*** Opening of Entries provided ***
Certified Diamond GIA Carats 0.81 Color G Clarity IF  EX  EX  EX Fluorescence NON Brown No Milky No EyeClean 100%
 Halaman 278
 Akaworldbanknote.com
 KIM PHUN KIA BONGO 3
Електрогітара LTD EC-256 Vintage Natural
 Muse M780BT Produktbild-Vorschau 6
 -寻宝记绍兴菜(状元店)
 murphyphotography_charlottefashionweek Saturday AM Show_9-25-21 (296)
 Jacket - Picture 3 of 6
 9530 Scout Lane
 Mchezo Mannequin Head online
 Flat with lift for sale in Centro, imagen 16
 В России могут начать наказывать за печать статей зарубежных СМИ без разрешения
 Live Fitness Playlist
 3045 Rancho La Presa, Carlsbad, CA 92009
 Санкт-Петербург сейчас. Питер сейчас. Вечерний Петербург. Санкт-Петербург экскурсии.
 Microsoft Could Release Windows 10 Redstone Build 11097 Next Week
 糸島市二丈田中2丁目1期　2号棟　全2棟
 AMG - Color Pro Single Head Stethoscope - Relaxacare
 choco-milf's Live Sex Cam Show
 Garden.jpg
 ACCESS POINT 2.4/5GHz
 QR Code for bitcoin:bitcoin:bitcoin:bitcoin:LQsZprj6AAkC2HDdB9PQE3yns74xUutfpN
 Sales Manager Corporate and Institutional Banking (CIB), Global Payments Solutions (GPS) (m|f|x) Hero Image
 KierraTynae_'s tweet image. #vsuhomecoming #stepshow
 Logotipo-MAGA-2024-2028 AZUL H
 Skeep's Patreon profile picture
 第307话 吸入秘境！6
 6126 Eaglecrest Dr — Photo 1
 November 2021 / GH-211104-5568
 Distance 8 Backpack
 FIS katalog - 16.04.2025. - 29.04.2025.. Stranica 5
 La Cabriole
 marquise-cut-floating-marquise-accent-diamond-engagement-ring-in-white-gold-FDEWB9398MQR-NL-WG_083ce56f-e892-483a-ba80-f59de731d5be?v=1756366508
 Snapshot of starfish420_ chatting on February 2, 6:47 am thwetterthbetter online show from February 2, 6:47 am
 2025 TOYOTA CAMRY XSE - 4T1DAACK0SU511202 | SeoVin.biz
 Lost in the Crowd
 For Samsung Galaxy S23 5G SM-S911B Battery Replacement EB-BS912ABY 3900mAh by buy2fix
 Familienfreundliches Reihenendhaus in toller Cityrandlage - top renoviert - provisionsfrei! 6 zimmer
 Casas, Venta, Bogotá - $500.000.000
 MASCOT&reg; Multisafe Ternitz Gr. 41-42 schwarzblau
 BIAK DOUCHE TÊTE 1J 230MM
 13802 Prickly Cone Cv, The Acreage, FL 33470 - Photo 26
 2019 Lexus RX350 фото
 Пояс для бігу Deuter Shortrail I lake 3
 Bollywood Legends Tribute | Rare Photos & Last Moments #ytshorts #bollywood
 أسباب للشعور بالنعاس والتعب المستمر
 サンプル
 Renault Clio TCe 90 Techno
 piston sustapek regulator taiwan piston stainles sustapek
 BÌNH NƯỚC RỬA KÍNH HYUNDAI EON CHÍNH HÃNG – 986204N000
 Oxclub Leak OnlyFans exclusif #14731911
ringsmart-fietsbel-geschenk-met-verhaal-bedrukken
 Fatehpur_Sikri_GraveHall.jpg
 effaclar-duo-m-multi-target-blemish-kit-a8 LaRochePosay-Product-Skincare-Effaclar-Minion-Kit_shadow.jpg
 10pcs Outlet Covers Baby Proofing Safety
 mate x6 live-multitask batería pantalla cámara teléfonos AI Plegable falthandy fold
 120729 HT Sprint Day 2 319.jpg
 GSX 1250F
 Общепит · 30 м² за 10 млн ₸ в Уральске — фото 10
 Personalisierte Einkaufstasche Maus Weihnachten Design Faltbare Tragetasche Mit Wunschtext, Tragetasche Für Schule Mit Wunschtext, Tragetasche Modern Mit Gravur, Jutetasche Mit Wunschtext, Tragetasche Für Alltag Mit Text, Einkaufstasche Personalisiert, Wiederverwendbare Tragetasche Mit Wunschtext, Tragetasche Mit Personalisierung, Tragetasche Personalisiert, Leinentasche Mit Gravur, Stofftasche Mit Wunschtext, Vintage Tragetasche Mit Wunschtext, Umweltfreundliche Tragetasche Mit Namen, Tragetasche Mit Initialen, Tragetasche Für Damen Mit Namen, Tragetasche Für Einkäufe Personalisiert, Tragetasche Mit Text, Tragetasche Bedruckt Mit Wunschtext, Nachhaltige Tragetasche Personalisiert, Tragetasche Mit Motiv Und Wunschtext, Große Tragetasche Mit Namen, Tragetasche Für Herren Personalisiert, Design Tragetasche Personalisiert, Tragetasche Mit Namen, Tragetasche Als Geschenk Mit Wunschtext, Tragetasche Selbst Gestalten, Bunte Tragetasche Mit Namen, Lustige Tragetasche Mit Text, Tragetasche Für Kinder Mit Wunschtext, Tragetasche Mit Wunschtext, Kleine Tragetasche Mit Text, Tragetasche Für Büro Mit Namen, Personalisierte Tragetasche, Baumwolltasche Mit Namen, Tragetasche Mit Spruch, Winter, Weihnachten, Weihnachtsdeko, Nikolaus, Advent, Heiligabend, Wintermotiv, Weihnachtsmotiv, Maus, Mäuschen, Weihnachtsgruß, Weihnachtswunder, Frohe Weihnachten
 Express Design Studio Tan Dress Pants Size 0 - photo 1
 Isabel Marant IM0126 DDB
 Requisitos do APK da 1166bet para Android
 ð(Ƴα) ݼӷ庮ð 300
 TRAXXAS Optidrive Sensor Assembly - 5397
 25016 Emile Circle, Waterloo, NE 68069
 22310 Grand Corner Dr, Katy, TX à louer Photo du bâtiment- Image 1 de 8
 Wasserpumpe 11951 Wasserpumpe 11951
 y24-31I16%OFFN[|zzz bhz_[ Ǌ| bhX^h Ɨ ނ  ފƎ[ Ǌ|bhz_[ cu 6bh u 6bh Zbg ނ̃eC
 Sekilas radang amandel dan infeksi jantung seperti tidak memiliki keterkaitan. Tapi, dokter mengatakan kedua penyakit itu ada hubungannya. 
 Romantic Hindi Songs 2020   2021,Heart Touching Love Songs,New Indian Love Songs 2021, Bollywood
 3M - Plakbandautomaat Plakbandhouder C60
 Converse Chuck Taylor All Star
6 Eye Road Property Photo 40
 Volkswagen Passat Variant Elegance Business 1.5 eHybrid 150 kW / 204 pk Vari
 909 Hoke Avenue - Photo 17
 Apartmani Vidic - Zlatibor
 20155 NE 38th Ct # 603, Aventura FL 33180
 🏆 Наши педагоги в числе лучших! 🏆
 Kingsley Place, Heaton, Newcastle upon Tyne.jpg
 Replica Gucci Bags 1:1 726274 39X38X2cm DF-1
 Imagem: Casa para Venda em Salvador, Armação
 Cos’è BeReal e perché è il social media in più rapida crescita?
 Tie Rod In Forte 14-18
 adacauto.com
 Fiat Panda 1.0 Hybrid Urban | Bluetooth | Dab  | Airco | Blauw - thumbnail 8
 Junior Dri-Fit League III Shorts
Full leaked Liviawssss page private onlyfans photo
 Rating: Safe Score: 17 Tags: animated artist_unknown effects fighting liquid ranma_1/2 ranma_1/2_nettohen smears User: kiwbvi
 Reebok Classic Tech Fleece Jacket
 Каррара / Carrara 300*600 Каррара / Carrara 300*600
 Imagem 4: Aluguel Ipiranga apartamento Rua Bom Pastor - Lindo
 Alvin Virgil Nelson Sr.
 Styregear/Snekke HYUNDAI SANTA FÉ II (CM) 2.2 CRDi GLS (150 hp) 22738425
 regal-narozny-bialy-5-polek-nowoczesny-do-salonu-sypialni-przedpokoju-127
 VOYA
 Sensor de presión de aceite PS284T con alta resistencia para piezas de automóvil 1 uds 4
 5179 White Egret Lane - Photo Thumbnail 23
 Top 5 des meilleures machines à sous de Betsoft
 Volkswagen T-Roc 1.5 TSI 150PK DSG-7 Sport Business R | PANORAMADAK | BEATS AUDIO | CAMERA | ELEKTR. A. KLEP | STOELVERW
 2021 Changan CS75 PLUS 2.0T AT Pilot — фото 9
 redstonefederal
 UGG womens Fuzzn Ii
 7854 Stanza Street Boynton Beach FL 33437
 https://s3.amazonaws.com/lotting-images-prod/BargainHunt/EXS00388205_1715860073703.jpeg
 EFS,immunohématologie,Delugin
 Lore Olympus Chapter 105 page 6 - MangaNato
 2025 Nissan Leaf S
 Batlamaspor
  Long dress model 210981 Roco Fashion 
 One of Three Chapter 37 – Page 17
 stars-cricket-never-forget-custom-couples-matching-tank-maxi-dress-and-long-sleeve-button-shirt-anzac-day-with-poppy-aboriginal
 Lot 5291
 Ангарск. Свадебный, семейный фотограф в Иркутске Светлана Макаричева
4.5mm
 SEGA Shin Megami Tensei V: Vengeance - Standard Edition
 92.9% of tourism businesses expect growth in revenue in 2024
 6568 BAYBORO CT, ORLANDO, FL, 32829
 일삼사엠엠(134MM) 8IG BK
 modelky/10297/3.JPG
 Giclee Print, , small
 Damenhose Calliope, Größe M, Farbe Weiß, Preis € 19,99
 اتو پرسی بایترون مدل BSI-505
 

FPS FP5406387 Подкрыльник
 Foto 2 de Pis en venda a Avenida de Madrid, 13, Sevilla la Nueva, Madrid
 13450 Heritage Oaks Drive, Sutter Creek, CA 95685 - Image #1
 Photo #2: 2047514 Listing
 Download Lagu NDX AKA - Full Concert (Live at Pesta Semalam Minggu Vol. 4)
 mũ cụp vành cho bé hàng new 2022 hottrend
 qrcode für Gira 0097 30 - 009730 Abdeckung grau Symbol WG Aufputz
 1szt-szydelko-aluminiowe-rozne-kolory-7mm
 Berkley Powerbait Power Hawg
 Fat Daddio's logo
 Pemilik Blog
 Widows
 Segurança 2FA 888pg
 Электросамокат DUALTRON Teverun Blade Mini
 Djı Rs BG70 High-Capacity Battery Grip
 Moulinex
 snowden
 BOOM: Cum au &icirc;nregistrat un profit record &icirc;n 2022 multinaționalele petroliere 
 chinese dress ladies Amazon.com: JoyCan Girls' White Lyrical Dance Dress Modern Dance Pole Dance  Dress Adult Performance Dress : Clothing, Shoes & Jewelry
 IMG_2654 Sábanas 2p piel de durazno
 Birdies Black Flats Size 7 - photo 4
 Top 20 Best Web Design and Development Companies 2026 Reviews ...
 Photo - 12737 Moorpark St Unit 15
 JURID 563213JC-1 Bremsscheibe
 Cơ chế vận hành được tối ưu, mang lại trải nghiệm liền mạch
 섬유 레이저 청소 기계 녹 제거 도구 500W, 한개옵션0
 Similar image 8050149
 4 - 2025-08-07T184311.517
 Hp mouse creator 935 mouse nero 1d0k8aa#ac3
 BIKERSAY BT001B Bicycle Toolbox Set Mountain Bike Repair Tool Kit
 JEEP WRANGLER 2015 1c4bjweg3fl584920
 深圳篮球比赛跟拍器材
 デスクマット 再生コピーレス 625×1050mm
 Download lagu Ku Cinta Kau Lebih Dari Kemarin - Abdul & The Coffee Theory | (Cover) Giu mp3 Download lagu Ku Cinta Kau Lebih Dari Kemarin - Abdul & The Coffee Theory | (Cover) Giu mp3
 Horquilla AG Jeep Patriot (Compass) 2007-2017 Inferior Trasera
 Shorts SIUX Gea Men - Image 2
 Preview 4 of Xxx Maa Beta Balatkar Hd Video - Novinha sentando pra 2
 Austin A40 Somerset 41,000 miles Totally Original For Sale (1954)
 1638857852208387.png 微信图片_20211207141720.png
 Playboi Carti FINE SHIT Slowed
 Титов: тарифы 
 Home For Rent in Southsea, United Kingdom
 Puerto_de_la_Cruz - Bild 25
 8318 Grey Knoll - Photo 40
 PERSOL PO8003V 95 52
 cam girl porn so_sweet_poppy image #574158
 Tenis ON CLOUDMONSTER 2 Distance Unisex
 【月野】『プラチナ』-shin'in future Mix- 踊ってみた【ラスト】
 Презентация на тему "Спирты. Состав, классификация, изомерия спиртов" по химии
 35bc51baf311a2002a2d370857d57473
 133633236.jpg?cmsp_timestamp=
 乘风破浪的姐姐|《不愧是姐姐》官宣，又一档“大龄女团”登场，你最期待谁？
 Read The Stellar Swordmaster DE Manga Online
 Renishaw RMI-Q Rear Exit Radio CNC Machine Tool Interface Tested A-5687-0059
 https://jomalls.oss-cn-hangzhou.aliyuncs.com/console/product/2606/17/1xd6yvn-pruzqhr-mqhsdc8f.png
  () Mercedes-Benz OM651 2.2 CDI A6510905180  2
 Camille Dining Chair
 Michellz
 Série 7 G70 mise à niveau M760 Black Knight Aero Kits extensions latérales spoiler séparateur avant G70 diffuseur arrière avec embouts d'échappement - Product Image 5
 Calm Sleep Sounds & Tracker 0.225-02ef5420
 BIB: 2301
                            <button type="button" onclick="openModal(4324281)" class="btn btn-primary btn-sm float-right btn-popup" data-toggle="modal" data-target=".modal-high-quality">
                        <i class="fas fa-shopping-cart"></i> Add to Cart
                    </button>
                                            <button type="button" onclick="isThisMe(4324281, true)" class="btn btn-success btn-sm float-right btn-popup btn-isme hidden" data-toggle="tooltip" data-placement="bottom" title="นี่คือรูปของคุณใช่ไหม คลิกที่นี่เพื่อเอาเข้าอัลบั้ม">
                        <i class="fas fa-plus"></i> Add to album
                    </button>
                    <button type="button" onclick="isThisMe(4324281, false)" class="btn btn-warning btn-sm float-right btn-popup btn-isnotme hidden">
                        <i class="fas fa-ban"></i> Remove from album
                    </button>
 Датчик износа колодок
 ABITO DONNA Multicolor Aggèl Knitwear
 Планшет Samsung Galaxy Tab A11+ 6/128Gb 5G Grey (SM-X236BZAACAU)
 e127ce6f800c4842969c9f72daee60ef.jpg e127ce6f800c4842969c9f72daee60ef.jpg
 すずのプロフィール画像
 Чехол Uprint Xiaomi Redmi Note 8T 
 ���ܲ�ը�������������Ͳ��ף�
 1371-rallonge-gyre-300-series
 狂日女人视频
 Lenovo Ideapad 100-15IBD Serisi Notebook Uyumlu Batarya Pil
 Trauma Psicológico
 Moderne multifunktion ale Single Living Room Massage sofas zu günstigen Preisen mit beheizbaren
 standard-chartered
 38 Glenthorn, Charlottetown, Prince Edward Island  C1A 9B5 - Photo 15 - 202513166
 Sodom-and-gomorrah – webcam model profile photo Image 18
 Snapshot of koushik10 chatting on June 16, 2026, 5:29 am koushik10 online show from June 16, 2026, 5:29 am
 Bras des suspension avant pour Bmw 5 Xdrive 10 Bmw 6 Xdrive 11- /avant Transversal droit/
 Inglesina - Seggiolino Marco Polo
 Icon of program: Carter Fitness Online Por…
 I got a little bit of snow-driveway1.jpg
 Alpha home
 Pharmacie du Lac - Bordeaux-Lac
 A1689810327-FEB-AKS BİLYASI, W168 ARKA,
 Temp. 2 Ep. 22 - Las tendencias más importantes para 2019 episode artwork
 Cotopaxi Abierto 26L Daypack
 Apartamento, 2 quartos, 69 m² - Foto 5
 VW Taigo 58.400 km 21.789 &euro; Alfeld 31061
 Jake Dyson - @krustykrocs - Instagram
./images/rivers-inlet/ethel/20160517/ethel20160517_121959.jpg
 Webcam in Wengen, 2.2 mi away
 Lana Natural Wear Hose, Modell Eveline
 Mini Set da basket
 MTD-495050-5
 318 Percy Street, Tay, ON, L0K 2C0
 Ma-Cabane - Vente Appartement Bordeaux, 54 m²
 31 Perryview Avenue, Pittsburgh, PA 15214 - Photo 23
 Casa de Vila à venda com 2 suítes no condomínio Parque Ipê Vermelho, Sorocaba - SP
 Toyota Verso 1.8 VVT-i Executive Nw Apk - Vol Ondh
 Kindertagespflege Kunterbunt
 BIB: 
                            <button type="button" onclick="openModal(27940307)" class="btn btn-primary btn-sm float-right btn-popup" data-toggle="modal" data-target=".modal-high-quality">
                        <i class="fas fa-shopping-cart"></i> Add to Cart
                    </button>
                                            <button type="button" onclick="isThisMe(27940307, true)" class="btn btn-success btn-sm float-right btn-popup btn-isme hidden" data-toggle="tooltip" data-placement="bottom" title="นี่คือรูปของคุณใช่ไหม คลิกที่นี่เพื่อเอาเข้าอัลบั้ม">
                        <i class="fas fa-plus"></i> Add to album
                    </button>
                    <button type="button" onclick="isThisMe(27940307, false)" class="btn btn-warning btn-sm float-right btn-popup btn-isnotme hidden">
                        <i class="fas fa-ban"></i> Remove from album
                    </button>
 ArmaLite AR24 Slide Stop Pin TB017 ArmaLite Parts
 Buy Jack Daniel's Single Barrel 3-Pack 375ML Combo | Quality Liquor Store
*** Close of Entries provided ***
Problem to work on:
Reproduce each line of the entries in which the word "HYUNDAI" is found.

Completed exercise:
 BÌNH NƯỚC RỬA KÍNH HYUNDAI EON CHÍNH HÃNG – 986204N000
 Styregear/Snekke HYUNDAI SANTA FÉ II (CM) 2.2 CRDi GLS (150 hp) 22738425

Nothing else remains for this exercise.